The Charlemont Hotel has been the venue for many of the beats of my life, and it’s a great wee spot for a cosy meal and a drink with friends between those times.

Last August, I was sitting in the queue one day in Argos in Armagh when a woman sat down beside me.
“I know you don’t I?” we said to each other at the same time. It took us a few moments to place each other’s face.

“I was talking to you the other night,” I said. “I was in the Charlemont. You work there don’t you?”

I’d had my hair cut that morning, and she said that was why it had taken her a moment to recognise me again. Turns out, Helen doesn’t just work there, she and her sister, Judith, own the hotel. It didn’t surprise me one bit to learn that The Charlemont was a family run business. It had always had a warmth to it, a sense of comfort and home that comes from family. Helen’s friendliness was typical of what I’ve come to associate with the Charlemont Hotel.
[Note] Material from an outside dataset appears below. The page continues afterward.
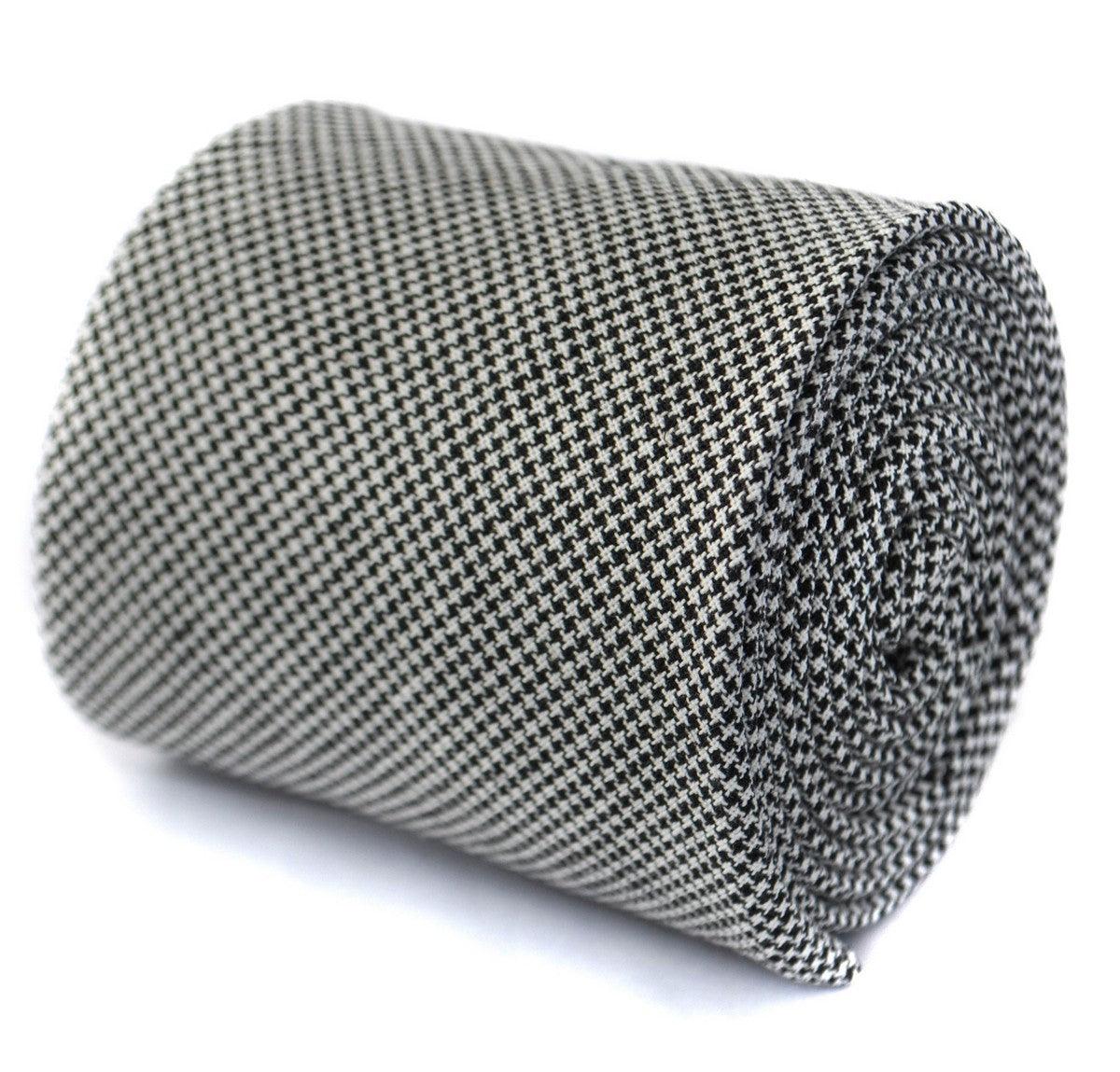 black and white dogtooth cotton textured tie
She was happy to sit down with me recently and tell me about her family’s history at the hotel.

Helen’s grandparents, Robert and Elizabeth Forster, bought the hotel in 1934. Her mum came to work in the office at the age of 14. As we chatted, I mentioned how romantic it must have been for this young woman going to work and meeting the hotel owner’s son, catching his eye and falling in love. Helen gave me a look that told me I might be over romanticising things (as I am prone to doing) and said with a laugh, ” Let’s just say, love blossomed.”

When I pressed it by saying that they probably went to the City Hall dances together Helen nodded and told me that the Charlemont had done the catering for those dances. My own parents had gone to those dances too.

Helen’s parents took over running the hotel. In those days a lot of travelling salesmen and company reps stayed in the hotel. Her mother tells of how they used to leave their shoes out by their doors and the staff would take them away, polish them and return them before morning. There is still a room at the hotel called the “boot hall” where the shoes where polished. Often the reps would get up to high jinx, doing things like swapping around the shoes. I can imagine the temptation that would be after a few pints of Guinness in the bar!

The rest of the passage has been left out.